Serge Maheshe, a broadcaster for Radio Okapi since 2002, a nationwide radio network set up to aid the peace process in Congo after the 1998-2003 war, was shot on Wednesday in the South Kivu provincial capital of Bukavu. He has a wife and two children.
Maheshe, a respected journalist, had received death threats before, but U.N. officials said on Friday they still did not know if he was killed because of his work as a journalist.
"We have no evidence one way or the other. We know, at one time, he had a brush with the military but that seems to have been a personal dispute that escalated. We cannot yet say if it was politically motivated," Kemal Saiki, spokesman for the U.N. mission in Congo, said.

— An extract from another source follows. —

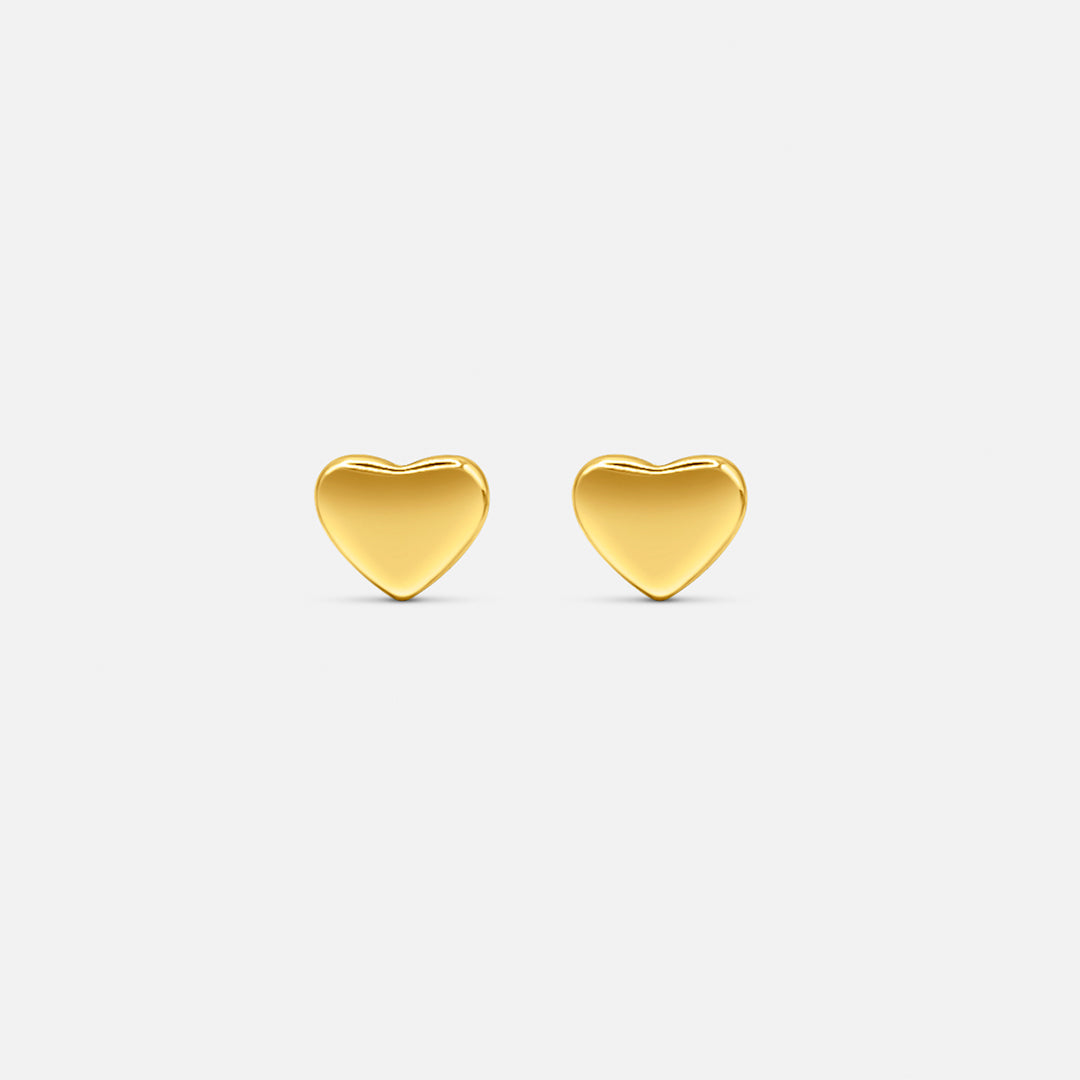 Mini Heart Stud Earrings - Gold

He was the third journalist murdered in the former Belgian colony since 2005. Maheshe had in the past been involved in a dispute with members of the military, it was rumored.
Radio Okapi Offices in Goma, DRC
"The two who shot the Radio Okapi journalist are active soldiers," he added.

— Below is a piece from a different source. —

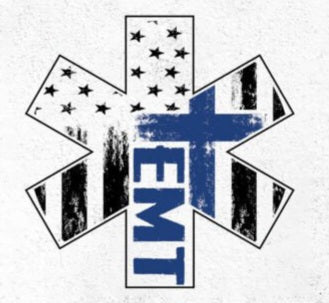 Black and blue EMS FLAG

It is unclear what was meant by "active soldiers." There are many militia in the area, but the Regular Congolese army, Forces Armées de la République Démocratique du Congo (FARDC), is the only officially recognized militia.
Around 1,000 people were present at the arraignment of the two suspects in Bukavu late on Thursday, witnesses said.
Reports say Maheshe was walking from a friend's house to a U.N. vehicle late on Wednesday when he was approached by two men dressed in civilian clothes who forced the 31-year-old to sit down.
They asked his name and then fired several shots into his legs and chest. Several others also stopped by the gunmen were left unharmed and Maheshe was not robbed, U.N. officials said.
The international press freedom watchdog Reporters without Borders classifies Congo as a "difficult situation" country.
Maheshe is due to be buried in Bukavu on Friday.